Do free market choices line the Common Core playbook?
As government torchbearers of the national curriculum seek meaningful alignment with common assessments, will the result be easier ways to grade U.S. schools, thus allowing federal and state vouchers to flow to students seeking the best alma mater possible?
Not unlike league tables created under Margaret Thatcher’s 1988 Education Reform Act, archives of national school statistics may generate a Kelley Blue Book of school choice.
Voucher debates heat up just as U.S. Secretary of Education Arne Duncan doubled back last month on linking teacher performance to test scores, giving 37 states and D.C. an extra year to implement teacher evaluations linked to assessments aligned to Common Core.
The streets to more testing are lined with taxpayer cash, but states don’t have it — grant money isn’t free after all — and seed money means taxpayers will fund operating costs. States including Oklahoma, Indiana, Pennsylvania and Michigan are walking away from or scaling back participation in PARCC, Smarter Balance, and Common Core. Is Florida next?
While not federally developed, Common Core looks and feels like federal intrusion. Duncan used 2009 anti-recession stimulus money to fund state and local school grant programs. Schools now wallow in unaffordable testing, chopping days from school calendars to keep the lights on.
Thatcher’s reform legislated school choice in assignment of schools for children, allowing choice based on measured ability to teach the National Curriculum.
As top U.S. schools become identifiable, will students have the right to choose?
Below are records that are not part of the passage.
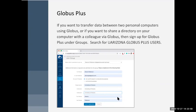They don't make this terribly public, but you can sign up for something called Globus Plus, which is free and adds some extra capabilities. So if you want to transfer data between two personal computers, you can use Globus to do that if you sign up for Globus Plus. Or if you want to share a directory on your computer with a colleague via Globus, you can do that with Globus Plus.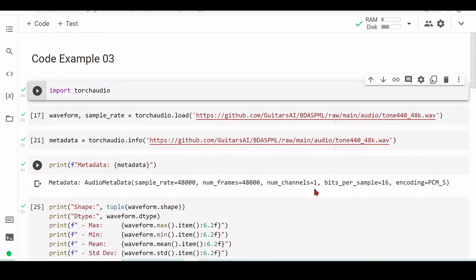Nevertheless, I decided to start using some deep learning frameworks — specifically PyTorch this time — so that when we have a bit more technical background and start looking into machine learning, we are already familiar with the framework and some concepts inside it.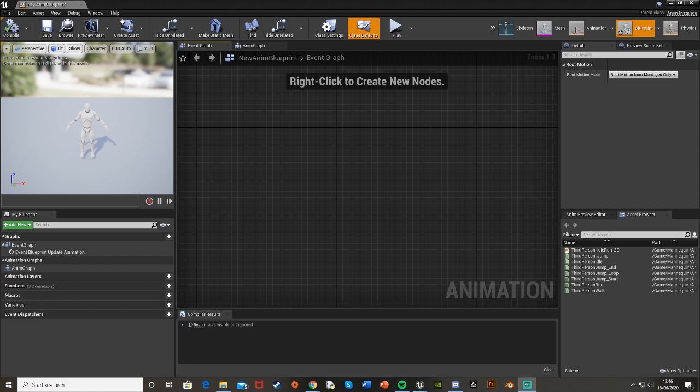Hey guys, welcome back to another Unreal Engine 4 tutorial. Today's just a quick one to show you the new calculate direction node, which came in quite a while back now, but I've been getting a lot of people asking about it recently. Since one of my other videos, it's been updated and this new calculate direction node has changed, so some people don't know how to use it.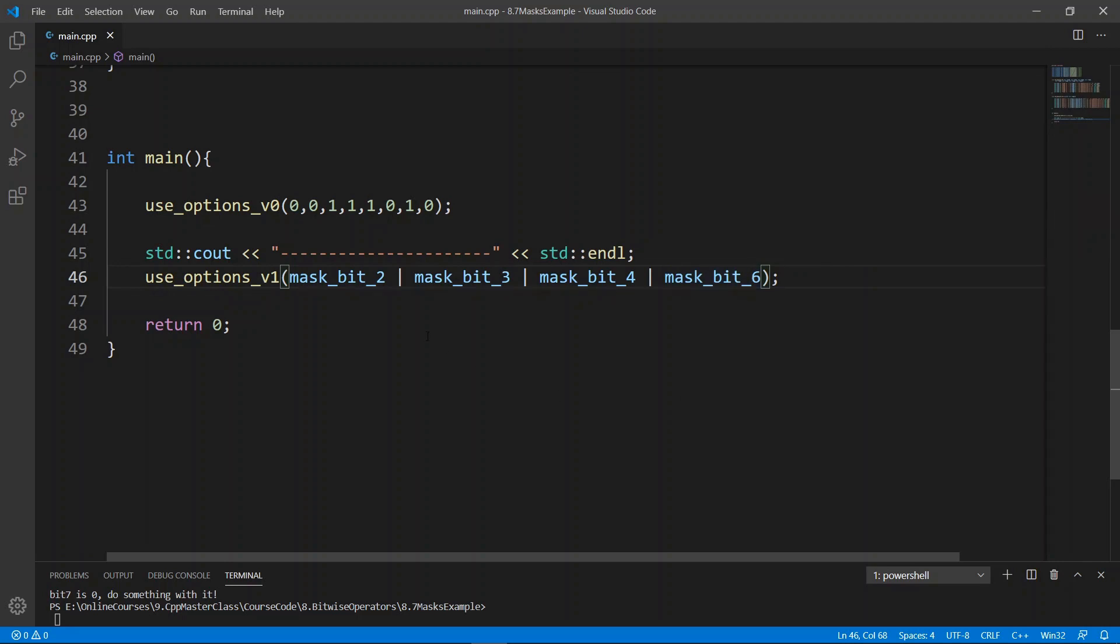The next one, we're going to see another example of how you can pack color information in a really small variable. Go ahead and finish up here and meet me there.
It will be tough to settle for failure when intergovernmental agreements could pave the way for choice across county and state lines.
But can states even link Common Core to assessments to create genuine comparisons of U.S. schools? Results of initial efforts call into question Georgia’s ability to do so. Fifty-nine percent of Georgia test-takers failed to meet standards on the CCGPS Coordinate Algebra EOCT, one of many tests which some seek to tie to teacher effectiveness, evaluations, and pay beginning fiscal year 2016.
Low performance on the newly aligned math test, argue state leaders, was anticipated, creating doubt about the state’s ability to eat this elephant even one bite at a time; the initial taste test failed.
Teachers retire early and flee the field faster than states can spin assessment results. Thousands left Georgia classrooms last December, facing a 3 percent rule.
Efforts to link teacher pay and performance to student testing will drive more good teachers from the field, leaving bureaucrats to add more layers of directors and deputy superintendents, people who rarely touch the lives of students in any meaningful way. School systems must stop falling in love with unaffordable dreams and return the focus to supporting teachers.
If there’s any silver lining here, it may be added choice for students seeking top schools as they face fierce competition from international counterparts who offer no apologies for beating American kids in math and science and make no excuses for taking top jobs out from under them.